LV profits jump as ‘tough trading conditions’ dent life insurance arm
LV said pre-tax profits rose 191% to £35 million for the six months to June 30.
Insurance firm LV has reported a jump in like-for-like profits for the first half of the year, despite a downturn in sales for its life and pensions business.
The firm, which specialises in mutual insurance, retirement and investment, said profits bounced higher on the back of improving investment markets, which offset cost increases.
LV posted like-for-like pre-tax profits of £35 million for the six months to June 30, up 191% from £12 million in the same period in 2018.
Nevertheless, the company said that its life and pensions division, one of its largest arms, has faced “tough trading conditions” in 2019.
The division saw sales slide by 26.8% to £710 million, from £970 million in the same period last year.
Its savings and retirement business also saw sales plunge, as they fell 31.5% to £560 million amid a continued decline in the pensions market.

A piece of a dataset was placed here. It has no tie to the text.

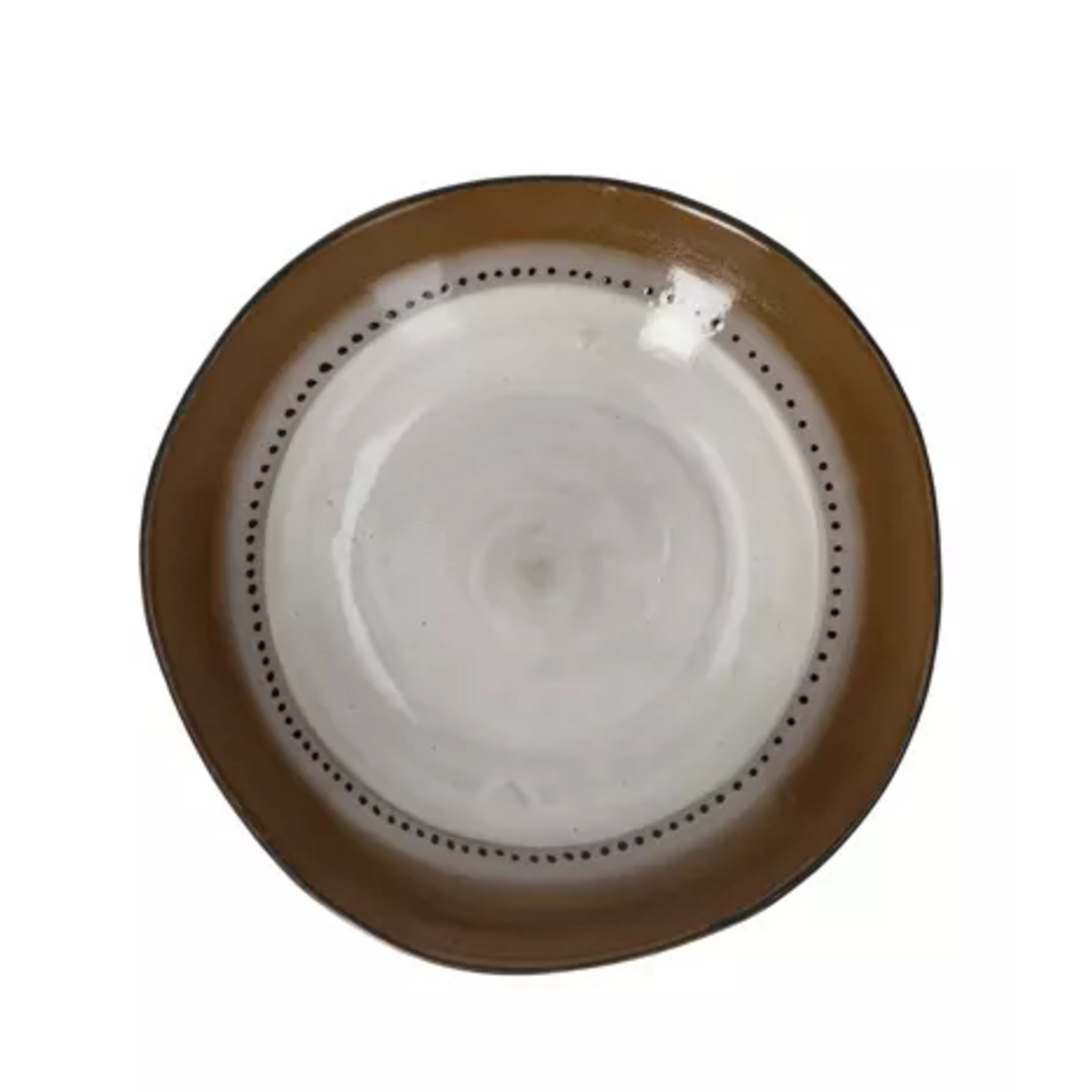 Pomax Cycle Bol à Pâtes 21 cm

The half-year figures come after LV agreed a deal to sell its remaining shares in the LV General Insurance business to Allianz for £365 million.
The deal will be completed at the end of 2019 and “represents a good deal for members”, the company said.
Richard Rowney, LV Group chief executive, said: “2019 is an important year in the evolution of LV as we establish the foundations from which to build a better mutual for the future.
“One of the foundations of our success over the years has been the strength of the LV brand and this remains in good health.
“By the end of 2019 we will have completed our transition to a pure life and pensions provider with a clear focus on the low risk, advice led, mass affluent market.
“We look to the future with confidence as we build momentum across savings and retirement, and protection while continuing to provide a good service to our heritage customers.”